Ella lo mira. Me mira. Y frunce los labios con aún más indignación, como si le hubieran mandado a saludar a su madre en tres idiomas diferentes… pero acepta.
Yo me aparto, sólo un poco. Lo justo para dejarle espacio a mi jefe mientras él se sienta frente a la computadora y comienza a hacer los ajustes en la cuenta de la clienta.
La mujer no deja de lanzarme miradas autosuficientes mientras termina su trato con él y recoge su ropa limpia, como si hubiera ganado una batalla importante.
Cuando se marcha, suelto el aire que tenía contenido desde hace rato.
Mi jefe no me mira. Sigue tecleando con expresión neutra, como si todo esto no fuera nada nuevo. Me aclaro la garganta, y con mi mejor voz profesional intento disculparme:
—En verdad lo lamento. Es que, para empezar, la seda italiana no debe lavarse en la lavadora. Ella no debió meter ese vestido junto con todo lo demás, y…
—Silvia —interrumpe él, sin apartar la vista de la pantalla—. Puedes irte.
Parpadeo.
—¿Ahora? —Miro el reloj. Apenas son las ocho de la noche. Aún nos queda una hora más de trabajo—. ¿Puedo irme temprano?
Él respira hondo. Se toma su tiempo antes de contestar. Termina algo en la computadora, y luego gira lentamente hacia mí. Me repasa con la mirada, pero su expresión ya no es neutral, es desilusionada. Aunque no sé si está decepcionado de mí… o de sí mismo por haberme contratado.

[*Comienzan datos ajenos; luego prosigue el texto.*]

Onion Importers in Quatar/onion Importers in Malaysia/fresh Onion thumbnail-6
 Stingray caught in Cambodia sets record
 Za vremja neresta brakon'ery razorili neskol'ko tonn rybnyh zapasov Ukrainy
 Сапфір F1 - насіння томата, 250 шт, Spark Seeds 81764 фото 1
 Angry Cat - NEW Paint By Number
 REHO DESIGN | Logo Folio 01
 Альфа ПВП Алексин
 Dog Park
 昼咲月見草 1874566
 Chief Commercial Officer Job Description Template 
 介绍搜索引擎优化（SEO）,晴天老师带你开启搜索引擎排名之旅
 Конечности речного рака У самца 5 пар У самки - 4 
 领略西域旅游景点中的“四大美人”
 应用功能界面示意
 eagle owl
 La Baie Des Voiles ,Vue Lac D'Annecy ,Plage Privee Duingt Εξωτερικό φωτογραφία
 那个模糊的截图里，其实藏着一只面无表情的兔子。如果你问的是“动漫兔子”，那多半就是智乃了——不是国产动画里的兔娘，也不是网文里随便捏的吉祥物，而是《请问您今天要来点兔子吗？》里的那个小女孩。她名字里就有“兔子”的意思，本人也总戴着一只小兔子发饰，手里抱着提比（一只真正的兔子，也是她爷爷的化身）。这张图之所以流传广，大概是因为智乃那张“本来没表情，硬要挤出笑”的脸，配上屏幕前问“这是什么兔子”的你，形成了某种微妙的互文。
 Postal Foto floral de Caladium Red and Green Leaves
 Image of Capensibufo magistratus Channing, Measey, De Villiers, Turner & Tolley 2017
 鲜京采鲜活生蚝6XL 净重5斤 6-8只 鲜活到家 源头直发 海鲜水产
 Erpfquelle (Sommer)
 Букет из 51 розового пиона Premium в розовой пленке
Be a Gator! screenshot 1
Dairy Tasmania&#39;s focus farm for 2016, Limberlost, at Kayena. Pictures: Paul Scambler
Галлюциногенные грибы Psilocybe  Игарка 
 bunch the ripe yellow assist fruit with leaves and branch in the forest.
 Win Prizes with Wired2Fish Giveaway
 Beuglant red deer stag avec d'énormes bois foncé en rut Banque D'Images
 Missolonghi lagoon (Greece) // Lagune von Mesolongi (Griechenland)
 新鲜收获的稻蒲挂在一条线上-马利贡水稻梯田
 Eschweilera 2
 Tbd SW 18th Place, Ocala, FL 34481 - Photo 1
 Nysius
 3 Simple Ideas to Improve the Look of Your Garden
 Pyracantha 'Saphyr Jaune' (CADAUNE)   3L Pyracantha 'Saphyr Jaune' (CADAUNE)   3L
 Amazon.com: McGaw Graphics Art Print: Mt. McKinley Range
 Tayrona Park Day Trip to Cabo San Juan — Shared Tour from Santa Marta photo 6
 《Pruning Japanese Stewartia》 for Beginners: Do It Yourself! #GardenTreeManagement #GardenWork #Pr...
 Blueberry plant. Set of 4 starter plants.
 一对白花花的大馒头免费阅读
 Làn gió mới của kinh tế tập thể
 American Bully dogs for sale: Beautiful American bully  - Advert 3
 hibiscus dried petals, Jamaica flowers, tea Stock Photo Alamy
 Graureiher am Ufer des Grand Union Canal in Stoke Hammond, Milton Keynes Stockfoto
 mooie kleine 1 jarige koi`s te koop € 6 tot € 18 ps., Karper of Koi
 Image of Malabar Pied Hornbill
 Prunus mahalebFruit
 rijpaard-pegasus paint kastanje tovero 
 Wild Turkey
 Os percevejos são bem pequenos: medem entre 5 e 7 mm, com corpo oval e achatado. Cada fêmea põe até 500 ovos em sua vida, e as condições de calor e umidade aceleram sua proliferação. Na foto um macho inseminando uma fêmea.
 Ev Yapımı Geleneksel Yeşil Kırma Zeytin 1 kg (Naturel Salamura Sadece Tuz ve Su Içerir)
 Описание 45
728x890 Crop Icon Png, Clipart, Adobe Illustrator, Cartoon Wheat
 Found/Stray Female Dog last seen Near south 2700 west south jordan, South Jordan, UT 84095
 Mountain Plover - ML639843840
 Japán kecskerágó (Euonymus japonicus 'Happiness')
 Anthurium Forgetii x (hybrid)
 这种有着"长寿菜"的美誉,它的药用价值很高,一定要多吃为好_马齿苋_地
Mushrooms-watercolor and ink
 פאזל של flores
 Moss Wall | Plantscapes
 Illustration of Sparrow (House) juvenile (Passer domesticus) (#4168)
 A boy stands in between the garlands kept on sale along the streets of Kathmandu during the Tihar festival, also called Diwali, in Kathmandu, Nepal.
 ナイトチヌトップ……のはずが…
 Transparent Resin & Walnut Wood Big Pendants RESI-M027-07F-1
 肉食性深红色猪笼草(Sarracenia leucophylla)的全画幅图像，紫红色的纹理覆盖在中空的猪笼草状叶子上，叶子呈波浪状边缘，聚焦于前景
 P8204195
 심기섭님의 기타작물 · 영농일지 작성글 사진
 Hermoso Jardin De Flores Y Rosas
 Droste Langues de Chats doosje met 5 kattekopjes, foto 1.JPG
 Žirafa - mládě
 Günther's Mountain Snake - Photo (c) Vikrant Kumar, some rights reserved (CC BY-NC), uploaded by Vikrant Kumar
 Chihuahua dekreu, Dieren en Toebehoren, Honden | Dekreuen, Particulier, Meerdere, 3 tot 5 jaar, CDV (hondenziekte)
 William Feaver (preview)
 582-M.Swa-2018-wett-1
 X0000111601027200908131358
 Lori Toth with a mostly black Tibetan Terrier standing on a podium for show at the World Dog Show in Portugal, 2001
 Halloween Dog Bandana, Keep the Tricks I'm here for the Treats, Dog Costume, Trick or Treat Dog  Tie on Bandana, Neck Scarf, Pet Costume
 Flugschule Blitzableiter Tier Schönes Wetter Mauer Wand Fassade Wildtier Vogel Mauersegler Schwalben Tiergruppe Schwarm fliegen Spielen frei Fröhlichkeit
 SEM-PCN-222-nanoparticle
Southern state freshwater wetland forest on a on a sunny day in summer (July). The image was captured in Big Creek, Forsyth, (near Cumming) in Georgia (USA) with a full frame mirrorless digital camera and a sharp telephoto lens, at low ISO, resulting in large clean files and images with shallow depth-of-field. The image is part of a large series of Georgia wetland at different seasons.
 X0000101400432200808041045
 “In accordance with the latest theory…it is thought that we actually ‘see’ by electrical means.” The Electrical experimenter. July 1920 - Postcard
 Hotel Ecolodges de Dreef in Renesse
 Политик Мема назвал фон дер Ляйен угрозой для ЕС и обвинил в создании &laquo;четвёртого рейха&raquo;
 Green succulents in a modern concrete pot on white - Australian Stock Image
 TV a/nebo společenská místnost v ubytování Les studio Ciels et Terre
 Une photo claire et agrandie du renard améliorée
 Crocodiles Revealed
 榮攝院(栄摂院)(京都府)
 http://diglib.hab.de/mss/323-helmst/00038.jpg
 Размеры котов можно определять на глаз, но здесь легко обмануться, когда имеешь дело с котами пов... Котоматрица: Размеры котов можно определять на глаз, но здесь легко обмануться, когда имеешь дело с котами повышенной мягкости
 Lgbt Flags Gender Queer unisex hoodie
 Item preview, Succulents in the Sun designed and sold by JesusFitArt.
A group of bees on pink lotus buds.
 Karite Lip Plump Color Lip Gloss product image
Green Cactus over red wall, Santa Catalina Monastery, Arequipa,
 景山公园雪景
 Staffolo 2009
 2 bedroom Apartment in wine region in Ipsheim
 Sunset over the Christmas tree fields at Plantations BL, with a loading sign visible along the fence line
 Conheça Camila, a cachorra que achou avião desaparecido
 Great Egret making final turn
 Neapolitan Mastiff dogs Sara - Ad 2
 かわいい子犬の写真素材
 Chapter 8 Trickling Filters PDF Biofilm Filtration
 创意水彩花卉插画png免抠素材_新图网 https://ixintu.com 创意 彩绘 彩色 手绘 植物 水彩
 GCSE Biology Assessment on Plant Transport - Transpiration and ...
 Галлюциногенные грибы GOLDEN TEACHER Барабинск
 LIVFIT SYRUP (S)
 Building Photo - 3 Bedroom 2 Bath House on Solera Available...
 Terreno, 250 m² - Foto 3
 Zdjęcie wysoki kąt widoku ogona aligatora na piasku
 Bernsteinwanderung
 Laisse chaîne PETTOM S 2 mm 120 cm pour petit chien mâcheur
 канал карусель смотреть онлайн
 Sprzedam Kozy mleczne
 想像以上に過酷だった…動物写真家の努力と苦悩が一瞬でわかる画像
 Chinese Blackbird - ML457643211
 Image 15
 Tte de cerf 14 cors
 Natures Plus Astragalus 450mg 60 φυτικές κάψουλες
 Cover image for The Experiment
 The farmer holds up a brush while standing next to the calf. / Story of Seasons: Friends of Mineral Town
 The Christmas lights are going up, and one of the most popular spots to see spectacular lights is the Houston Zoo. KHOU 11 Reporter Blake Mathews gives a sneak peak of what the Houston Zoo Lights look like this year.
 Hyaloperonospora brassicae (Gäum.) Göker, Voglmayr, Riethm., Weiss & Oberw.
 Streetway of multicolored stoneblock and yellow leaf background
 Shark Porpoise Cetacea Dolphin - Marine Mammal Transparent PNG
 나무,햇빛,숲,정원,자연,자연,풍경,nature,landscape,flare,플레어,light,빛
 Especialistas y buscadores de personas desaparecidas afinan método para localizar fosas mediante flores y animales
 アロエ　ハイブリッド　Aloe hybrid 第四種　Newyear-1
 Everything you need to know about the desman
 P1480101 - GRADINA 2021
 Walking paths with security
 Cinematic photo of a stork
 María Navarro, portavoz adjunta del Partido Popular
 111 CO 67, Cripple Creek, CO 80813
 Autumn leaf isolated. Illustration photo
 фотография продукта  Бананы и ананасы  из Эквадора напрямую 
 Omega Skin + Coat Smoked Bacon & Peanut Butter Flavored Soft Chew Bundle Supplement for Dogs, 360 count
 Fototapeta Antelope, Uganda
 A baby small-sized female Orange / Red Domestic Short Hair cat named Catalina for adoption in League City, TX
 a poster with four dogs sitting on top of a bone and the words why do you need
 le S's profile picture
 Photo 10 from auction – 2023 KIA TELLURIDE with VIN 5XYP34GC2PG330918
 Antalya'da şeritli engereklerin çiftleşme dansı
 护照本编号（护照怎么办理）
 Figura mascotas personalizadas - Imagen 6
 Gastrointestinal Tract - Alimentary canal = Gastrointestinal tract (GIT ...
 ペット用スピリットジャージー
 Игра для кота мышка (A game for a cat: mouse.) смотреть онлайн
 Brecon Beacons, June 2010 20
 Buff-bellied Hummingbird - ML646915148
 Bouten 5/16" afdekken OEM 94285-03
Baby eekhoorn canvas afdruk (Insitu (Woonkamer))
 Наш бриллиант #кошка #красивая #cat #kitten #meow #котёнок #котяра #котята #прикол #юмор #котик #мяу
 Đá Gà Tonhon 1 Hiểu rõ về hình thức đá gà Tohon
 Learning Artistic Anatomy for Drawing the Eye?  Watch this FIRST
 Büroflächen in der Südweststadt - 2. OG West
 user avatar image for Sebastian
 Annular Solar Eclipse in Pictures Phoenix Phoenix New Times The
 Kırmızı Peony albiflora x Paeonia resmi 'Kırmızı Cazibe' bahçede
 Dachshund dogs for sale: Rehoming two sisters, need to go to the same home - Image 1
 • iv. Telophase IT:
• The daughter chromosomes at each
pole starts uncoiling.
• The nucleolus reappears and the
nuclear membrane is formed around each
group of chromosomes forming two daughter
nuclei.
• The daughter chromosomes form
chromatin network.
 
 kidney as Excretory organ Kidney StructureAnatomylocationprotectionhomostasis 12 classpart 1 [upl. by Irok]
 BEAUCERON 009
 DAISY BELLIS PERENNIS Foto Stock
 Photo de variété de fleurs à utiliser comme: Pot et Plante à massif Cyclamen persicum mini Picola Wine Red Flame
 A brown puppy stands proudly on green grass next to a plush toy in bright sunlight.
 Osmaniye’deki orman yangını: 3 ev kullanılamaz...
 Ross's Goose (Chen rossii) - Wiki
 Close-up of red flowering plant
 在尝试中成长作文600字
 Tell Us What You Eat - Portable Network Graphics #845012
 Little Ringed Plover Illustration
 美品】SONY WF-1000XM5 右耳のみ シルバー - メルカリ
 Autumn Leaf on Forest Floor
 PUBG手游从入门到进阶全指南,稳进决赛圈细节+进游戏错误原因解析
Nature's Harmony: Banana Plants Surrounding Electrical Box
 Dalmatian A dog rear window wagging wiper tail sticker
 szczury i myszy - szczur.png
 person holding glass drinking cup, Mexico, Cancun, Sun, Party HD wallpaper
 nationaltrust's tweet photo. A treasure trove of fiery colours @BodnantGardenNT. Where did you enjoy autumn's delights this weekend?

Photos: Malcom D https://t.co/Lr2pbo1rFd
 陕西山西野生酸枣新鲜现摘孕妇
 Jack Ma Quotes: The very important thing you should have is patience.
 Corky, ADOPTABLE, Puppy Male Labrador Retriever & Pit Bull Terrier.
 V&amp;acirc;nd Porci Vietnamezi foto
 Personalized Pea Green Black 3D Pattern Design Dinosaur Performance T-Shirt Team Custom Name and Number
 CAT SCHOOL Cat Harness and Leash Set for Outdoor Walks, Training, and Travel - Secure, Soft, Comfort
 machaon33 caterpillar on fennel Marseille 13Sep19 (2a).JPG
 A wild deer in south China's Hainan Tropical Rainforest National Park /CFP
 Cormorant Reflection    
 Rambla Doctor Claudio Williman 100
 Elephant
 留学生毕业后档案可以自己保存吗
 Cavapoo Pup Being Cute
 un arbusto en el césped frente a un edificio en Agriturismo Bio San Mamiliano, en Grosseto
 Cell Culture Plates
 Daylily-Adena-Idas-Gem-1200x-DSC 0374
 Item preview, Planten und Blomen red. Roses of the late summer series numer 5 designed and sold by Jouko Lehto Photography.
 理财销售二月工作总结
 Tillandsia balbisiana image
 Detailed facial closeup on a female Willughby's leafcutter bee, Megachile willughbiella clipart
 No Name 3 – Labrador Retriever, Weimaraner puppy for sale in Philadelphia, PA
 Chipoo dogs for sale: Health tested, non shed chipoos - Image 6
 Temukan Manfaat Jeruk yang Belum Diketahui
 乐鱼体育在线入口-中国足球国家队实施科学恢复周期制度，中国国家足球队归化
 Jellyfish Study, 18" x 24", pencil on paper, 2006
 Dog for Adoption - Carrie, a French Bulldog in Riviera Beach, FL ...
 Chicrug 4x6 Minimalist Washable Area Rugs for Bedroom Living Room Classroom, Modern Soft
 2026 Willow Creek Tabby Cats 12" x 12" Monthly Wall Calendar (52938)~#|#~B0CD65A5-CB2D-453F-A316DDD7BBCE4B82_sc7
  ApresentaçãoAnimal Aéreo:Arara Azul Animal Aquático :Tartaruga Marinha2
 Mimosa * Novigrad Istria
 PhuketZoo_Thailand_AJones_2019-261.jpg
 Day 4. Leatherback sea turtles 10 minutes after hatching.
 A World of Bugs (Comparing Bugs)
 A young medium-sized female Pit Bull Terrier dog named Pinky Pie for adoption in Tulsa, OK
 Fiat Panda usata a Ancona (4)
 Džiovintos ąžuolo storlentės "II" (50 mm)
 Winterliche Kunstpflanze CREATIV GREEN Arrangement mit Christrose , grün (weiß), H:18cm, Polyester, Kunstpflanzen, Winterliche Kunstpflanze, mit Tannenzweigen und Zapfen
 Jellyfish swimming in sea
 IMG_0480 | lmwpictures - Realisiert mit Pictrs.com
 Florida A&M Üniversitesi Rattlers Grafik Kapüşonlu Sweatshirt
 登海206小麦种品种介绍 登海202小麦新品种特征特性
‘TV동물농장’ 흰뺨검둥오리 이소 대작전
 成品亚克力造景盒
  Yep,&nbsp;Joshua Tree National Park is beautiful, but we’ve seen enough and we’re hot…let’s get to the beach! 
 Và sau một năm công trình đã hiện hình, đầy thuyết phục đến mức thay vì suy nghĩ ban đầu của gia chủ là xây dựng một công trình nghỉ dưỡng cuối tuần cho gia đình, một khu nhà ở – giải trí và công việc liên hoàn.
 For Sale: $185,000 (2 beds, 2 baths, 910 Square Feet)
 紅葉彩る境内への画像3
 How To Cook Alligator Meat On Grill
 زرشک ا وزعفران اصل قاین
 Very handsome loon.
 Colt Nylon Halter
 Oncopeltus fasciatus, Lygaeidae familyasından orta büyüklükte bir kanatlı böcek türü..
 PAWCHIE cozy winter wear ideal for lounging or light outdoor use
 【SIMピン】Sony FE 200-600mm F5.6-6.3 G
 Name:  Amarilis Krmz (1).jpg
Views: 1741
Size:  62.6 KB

—No, Silvia. Puedes irte… definitivamente.
Me quedo inmóvil.
Creo que hasta mi corazón se detiene un segundo.
Abro la boca, pero no sé qué decir. Sólo miro alrededor. Las lavadoras de autoservicio están vacías. Por suerte no hay nadie más aquí para presenciar cómo esa mujer me gritó… y cómo acaban de despedirme.
No puede ser.
Las lágrimas comienzan a agolparse en mis ojos. Trato de tragarlas, de no dejar que se desborden.
No ha sido fácil conseguir este empleo. No tengo estudios, y con un horario tan enredado como el mío, nadie quiere contratarme.